The recent proliferation of data has become the center point for analytic, system migration, and reconciliation processes. However, data cleaning and preparation (which includes data normalization, duplicate removal, pivoting, joining, and splitting data) is still a major hurdle in the process. Tools available for end users haven’t fully caught up to the demand. Spreadsheets offer entry level interface to the data but are time consuming and don’t scale, while programming languages offer flexibility but have a steep learning curve for the non technical person.
OpenRefine addresses the growing data literacy gap by lowering the technical skills needed to normalize and prepare data.
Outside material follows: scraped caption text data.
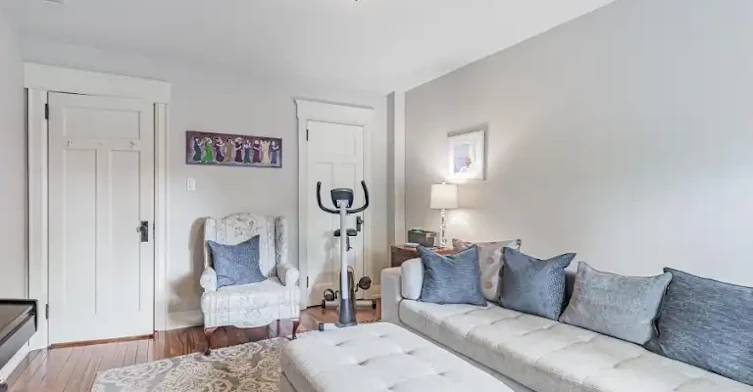 131 Gillard Avenue, Toronto, ON, M4J 4N7 - 16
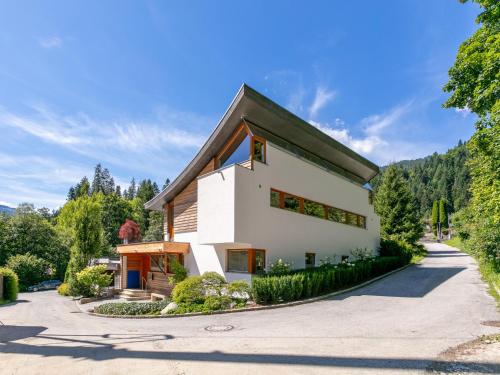 El edificio en el que está el chalet de montaña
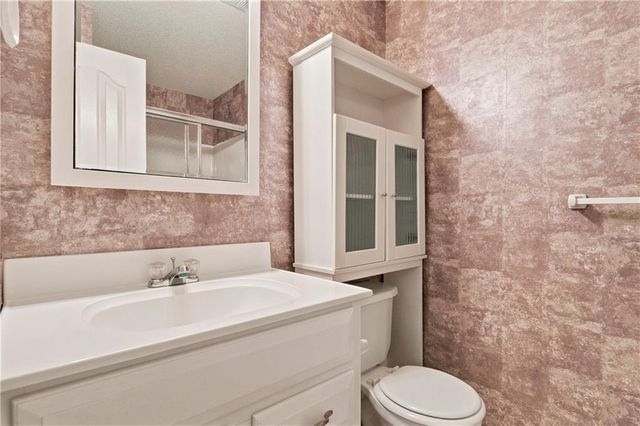 11820 Skyview Lane, Olathe, KS 66061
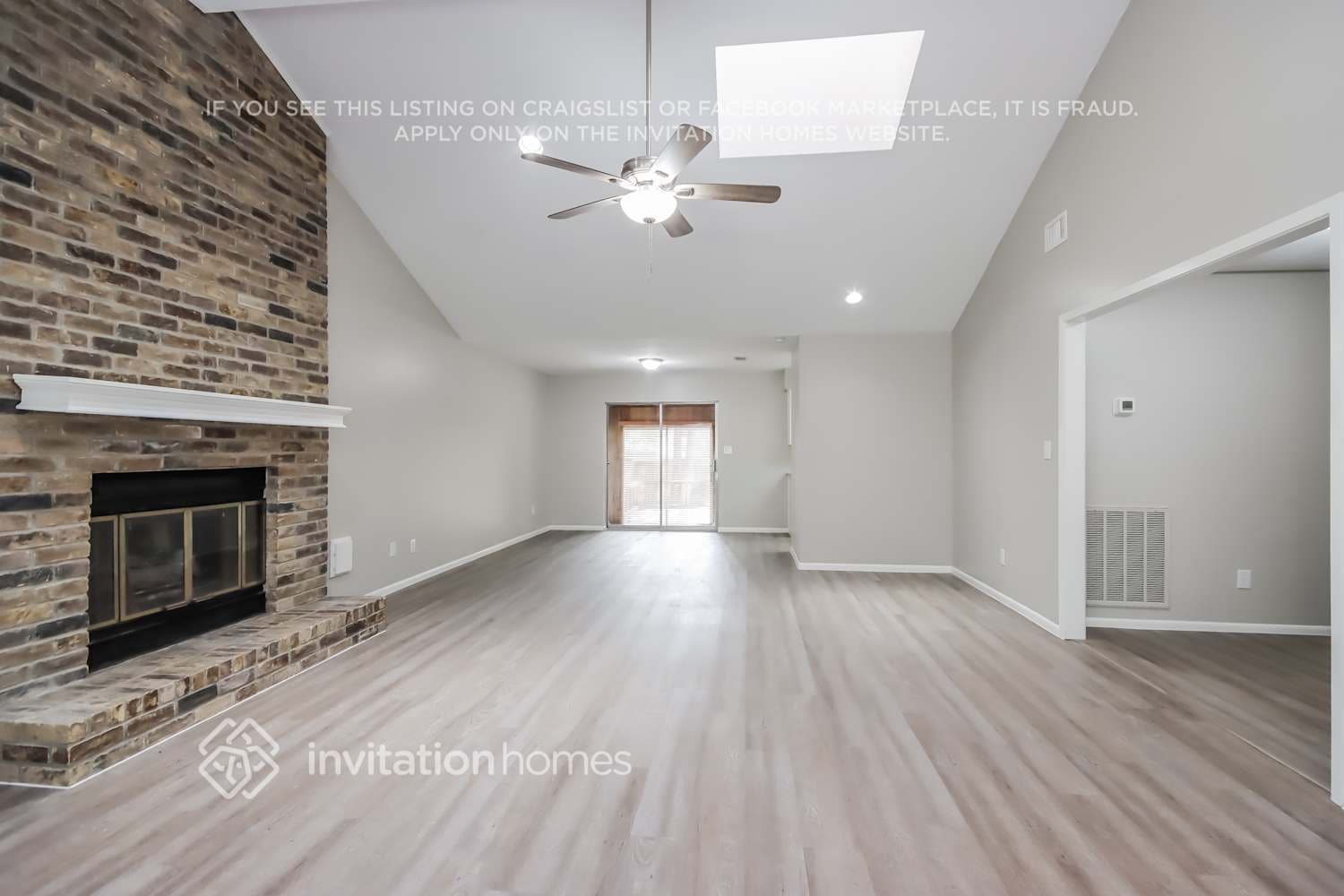 Building Photo - 240 Point Clear Dr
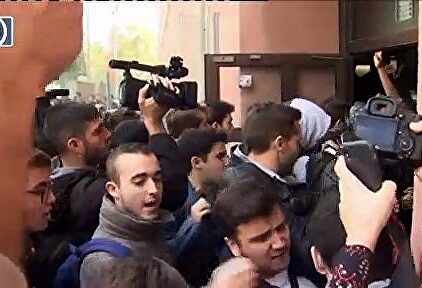 Momentos de tensión entre los estudiantes de la Universidad Pompeu Fabra |  EFE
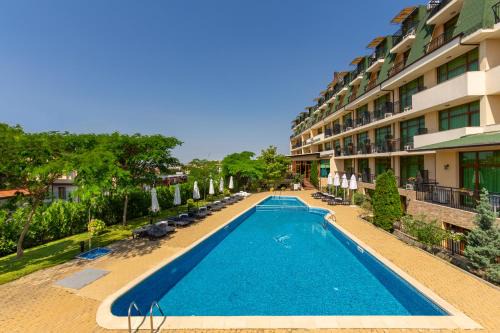 Intsaraki Hotel | Hotel Julia
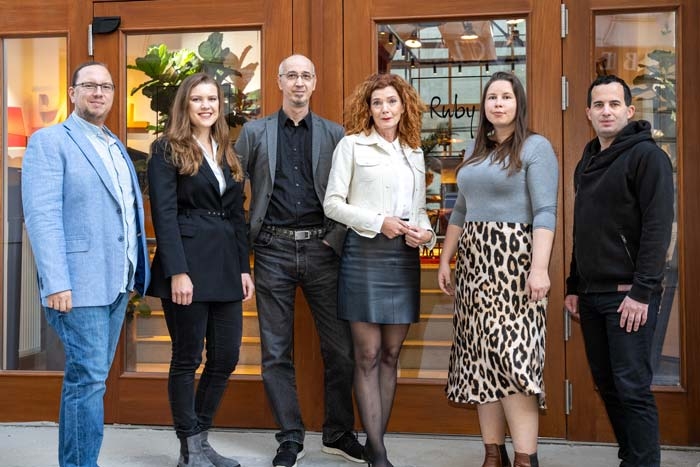 Auf dem Bild befindet sich das Team von Die Wölfe Immobilienmarketing. Sie posieren vor dem Ruby Paul.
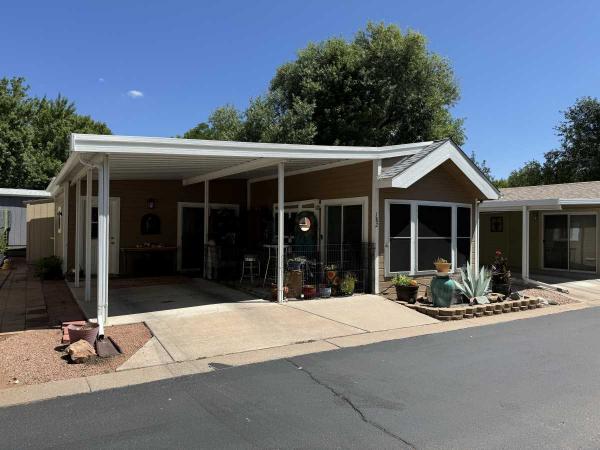 2000 Chariot Eagle  Manufactured Home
OpenRefine empowers those who understand the context in which the data are generated or used by offering them the best of both worlds with an iterative interface for data discovery and preparation and an easy-to-learn scripting language.
Thanks to OpenRefine, subject matter experts with an in-depth knowledge of a specific issue or domain can:
- explore data related to the topic; drill down to have a sense of the information available, find nuggets of information or inconsistencies and quality gaps;
- clean and export the data to a format useful for their needs by doing data normalization, removing duplicates and typos, pivoting, joining and splitting columns; and
- enrich the project by joining data sets together, processing data via an API, or working with a reconciliation service.
Extensive Input & Output Support
Cluster & Deduplication
Filter & Sort
Join, Merge & Reconcile
Join and merge different data sets to build new views and insights. Create lookups and reconcile against master data sources. Easily concatenate multiple fields together.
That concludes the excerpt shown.